Effects of promoter deletions on GadX and GadW regulation of gadA. Cells were grown to exponential phase in LB medium buffered to pH 8 with 100 mM MOPS or to pH 5.5 with 100 mM MES and were examined for β-galactosidase activity (Miller units). (A) gadA-lacZ fusions; (B) gadA-lacZ fusions; and (C) gadA-lacZ fusions. The length of the gadA promoter region (in nucleotides) is given along top of panels. Wild type (WT), EF833, EF932, and EF931; ΔX, EF839, EF949, and EF948; ΔXW, EF933, EF935, and EF934; and ΔW, EF921, EF923, and EF922.

FIG. 7.

Western blot analysis of crp and rpoS effects on GAD, RpoS, and GadX protein levels. Cells were grown in LB medium with MES, pH 5.5, or LB medium with MOPS, pH 8, to log phase (A to C) or to stationary phase (D). Strains used and relevant genotypes are indicated in the figure.

FIG. 8.

Low-pH and growth phase induction of glutamate decarboxylase and RpoS in rich media.

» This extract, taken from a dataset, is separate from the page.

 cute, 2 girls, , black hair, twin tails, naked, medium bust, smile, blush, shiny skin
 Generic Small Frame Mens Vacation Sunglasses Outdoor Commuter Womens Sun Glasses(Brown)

EK227 was grown to different optical densities in LB media buffered to pH 5.5 or 8. The inset illustrates the growth under both conditions measured as OD₆₀₀. Extracts were probed by Western blot analysis as described in the Fig. 2 legend. (A) Detection of RpoS; (B) detection of glutamate decarboxylase (GAD).

FIG. 9.

Effects of H-NS on gadA and gadBC expression. Cells were grown in complex, buffered LB media to exponential phase. Western blot analysis using anti-GadA and -B antibody was performed as described in the Fig. 2 legend. For panel A, all cells were gadA and gadBC⁺ gadX⁺ gadW⁺. For panel B, all cells lacked GadX, GadW, and CRP (hns⁺, lanes 1 and 3, EF865; hns mutant, lanes 2 and 4, EF929).

FIG. 10.

Model of the GadX and -W and CRP-RpoS control circuit. GadX activates expression from PgadA, while GadW inhibits expression (in the presence of GadX) from PgadA and PgadX. Transcription of the activator gene gadX is largely dependent on the RpoS sigma factor, tying expression of the system to various stress conditions that increase RpoS levels. Expression is also influenced by growth on carbohydrates through CRP, which dampens expression of RpoS, an effect more evident in LB-grown cells, where cAMP levels are high, than in cells grown on glucose, where cAMP levels are low. H-NS is also reported to inhibit gadX expression but appears capable of inhibiting gadA and gadBC expression independently of gadX control.